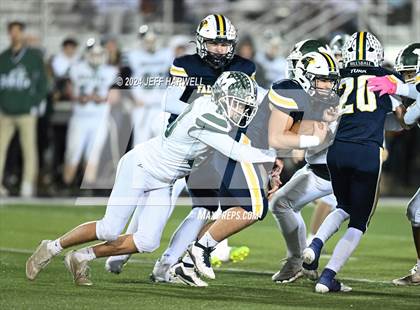 Thumbnail 3 in Malvern vs. Hillsdale (OHSAA Division 7 Regional Semifinal) photogallery.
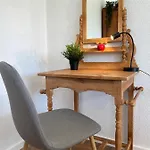 公寓 Traumferienwohnung Am Wald 1 *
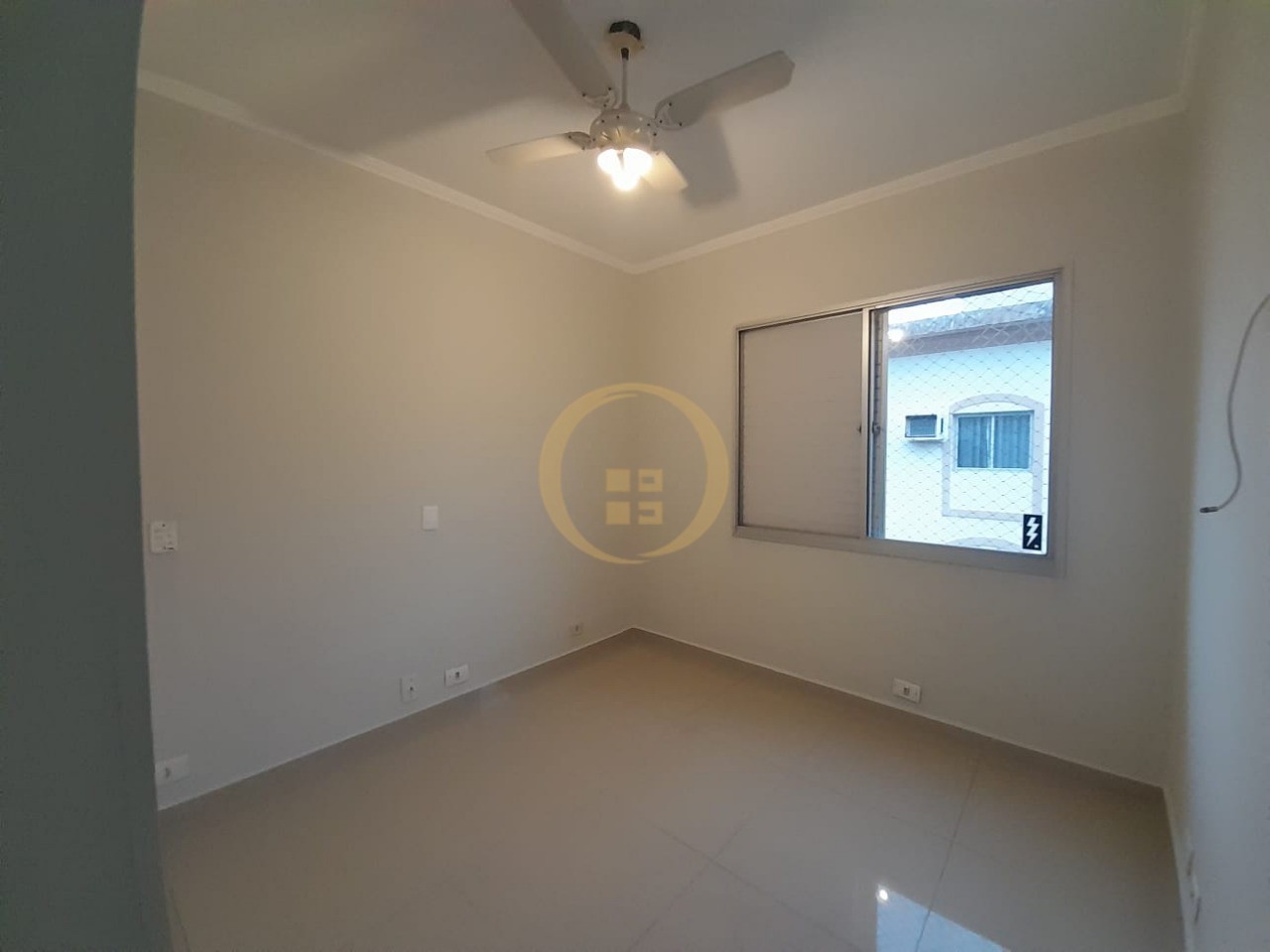 Apartamento na Praia da Enseada, Guarujá - SP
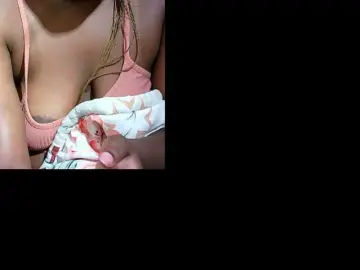 Bella4jcw  live sex cam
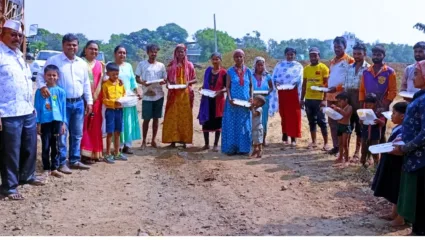 दिवांकुर संस्थेचा आगळावेगळा संवेदनशील उपक्रम, वीटभट्टी मजुरांच्या कटुंबासमवेत दिवाळी फराळ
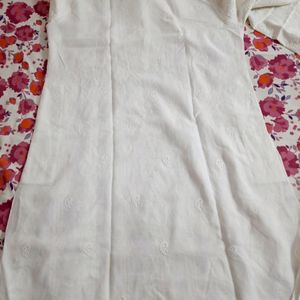 Men White Chikankari Kurta 3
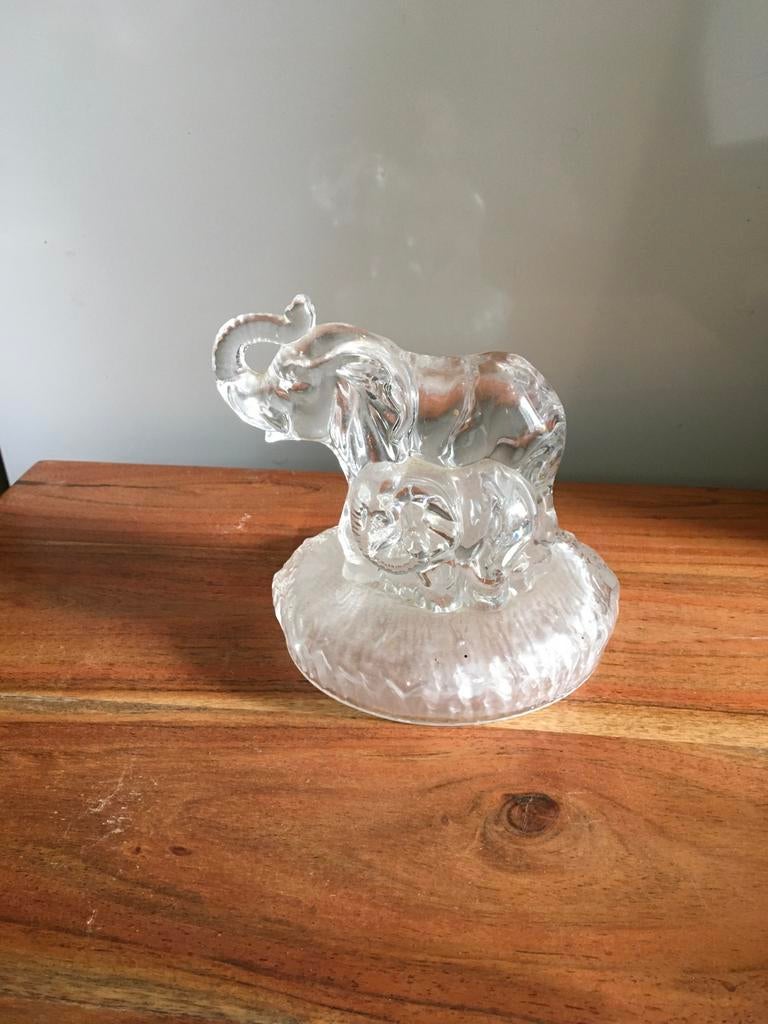 Glazen olifant met baby olifant beeldje, Ophalen of Verzenden, Zo goed als nieuw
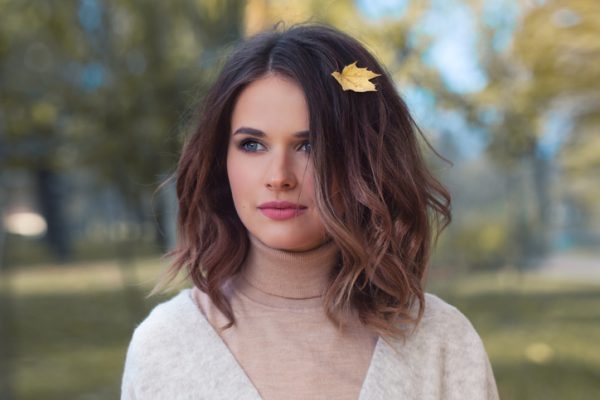chanel bico cabelo ondulado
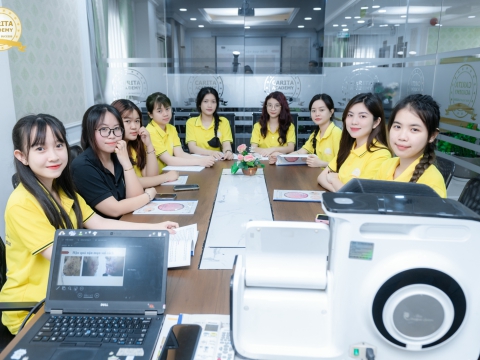 Biến đam mê skincare thành nghề chuyên nghiệp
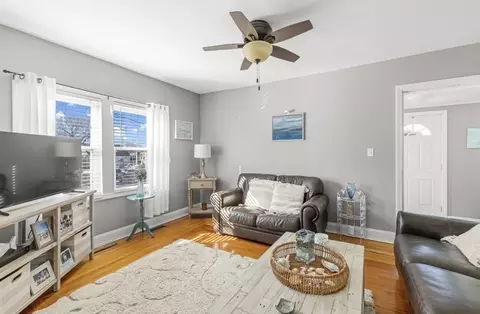24 Valley St, Fall River, MA 02724 photo 5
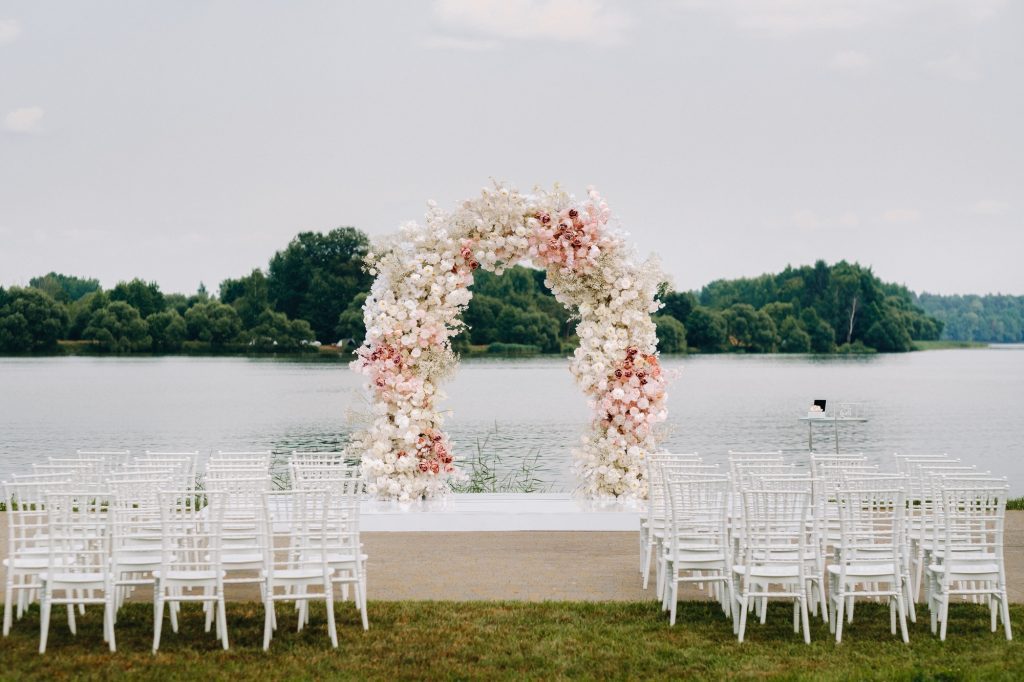 la decoración de tu boda es mucho más que flores y mesas. Es un proceso lleno de decisiones, logística y, sobre todo, mucha creatividad.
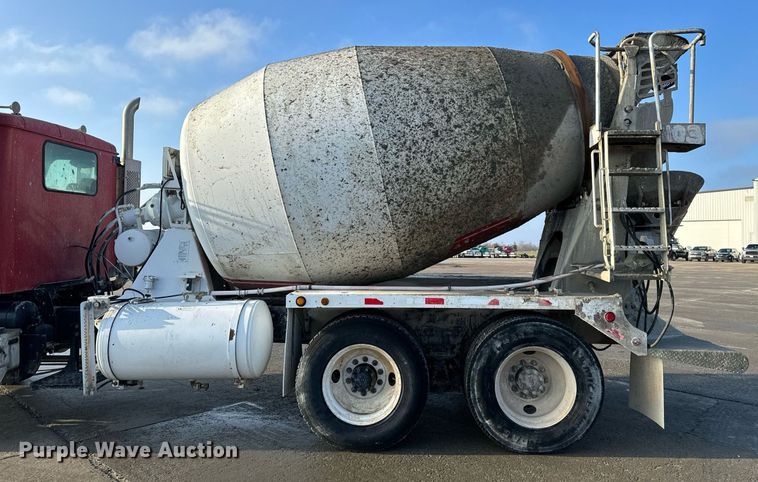 image for item NM9126 2006 International Paystar 5600i  ready mix truck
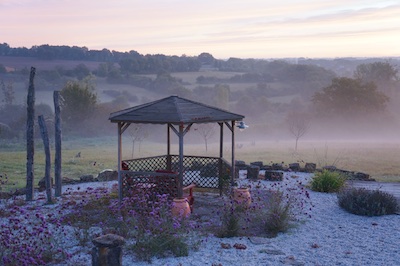 UTLT - Rustic Gardens, Charente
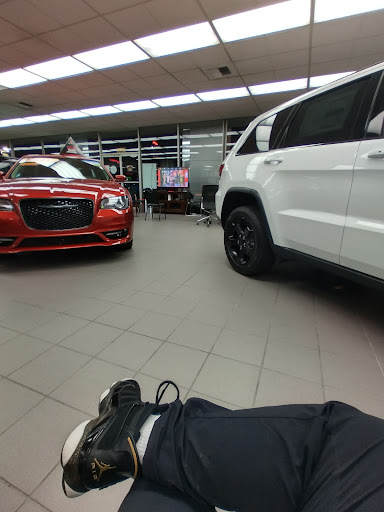 Chrysler Dealer «Chrysler Dodge Jeep Ram Seattle», reviews and photos, 13733 Aurora Ave N, Seattle, WA 98133, USA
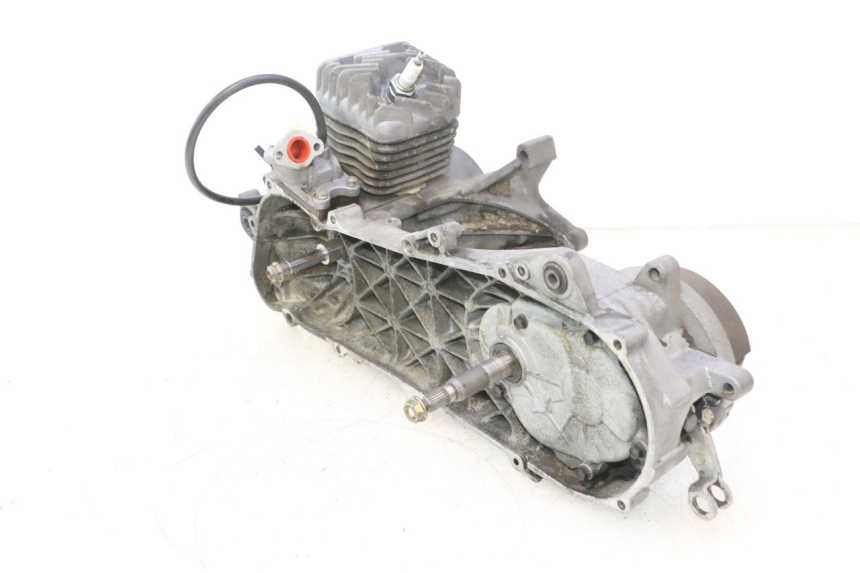 photo de MOTORE PEUGEOT TREKKER 50 (1995 - 2004) - Angolazione alternativa
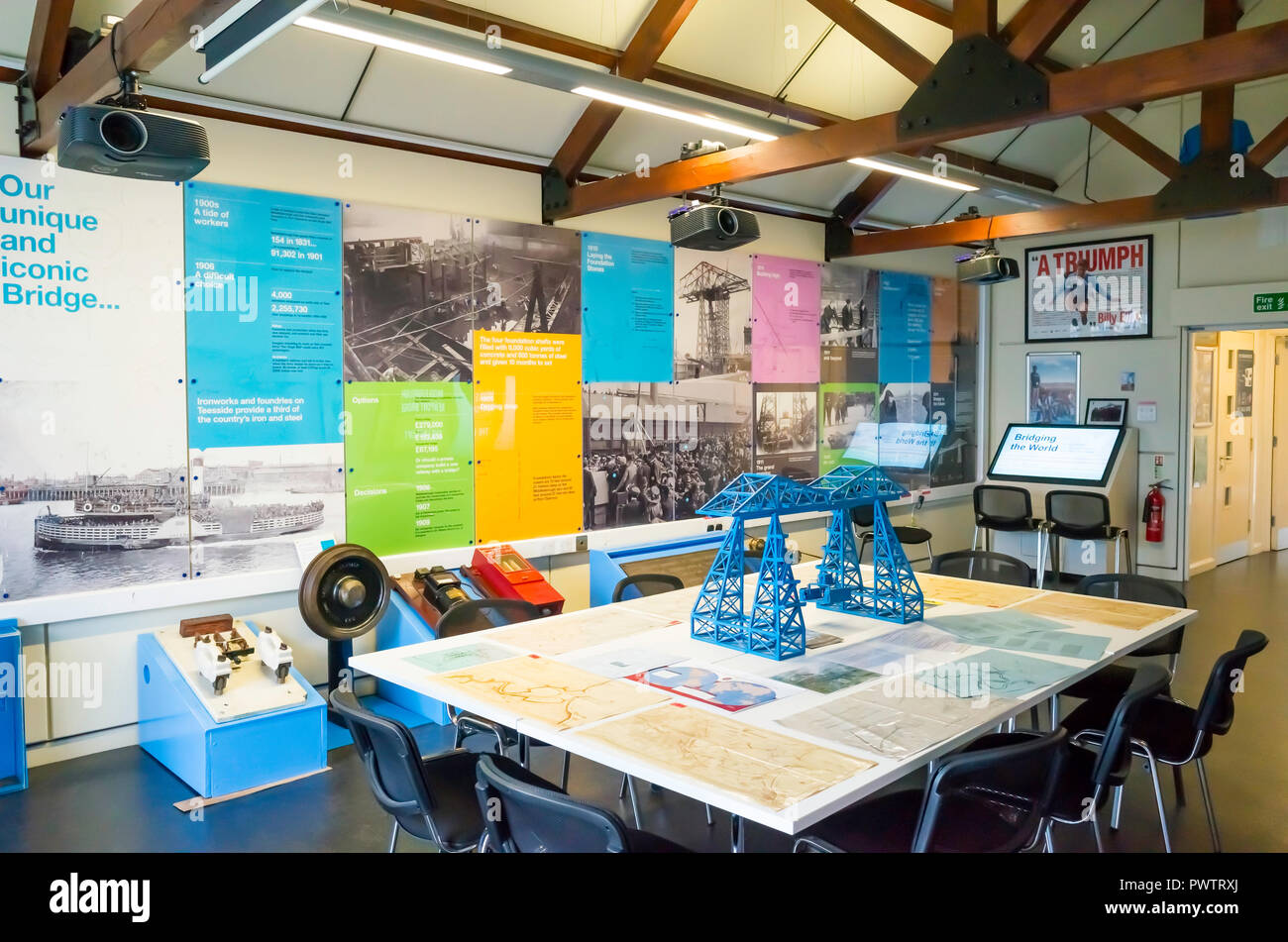 Middlesbrough Transporter Bridge Visitor Center interno con disegni grafici e fotografie che descrive in dettaglio i modelli di progettazione e costruzione del ponte Foto Stock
☆ ☆ ☆ ☆
PROBLEM DETAILS »
This task calls for the lines from the line holding "photo de MOTORE" through the last line above, restated word for word with both ends included and the pictures dropped.

WORKED SOLUTION »
 photo de MOTORE PEUGEOT TREKKER 50 (1995 - 2004) - Angolazione alternativa
 Middlesbrough Transporter Bridge Visitor Center interno con disegni grafici e fotografie che descrive in dettaglio i modelli di progettazione e costruzione del ponte Foto Stock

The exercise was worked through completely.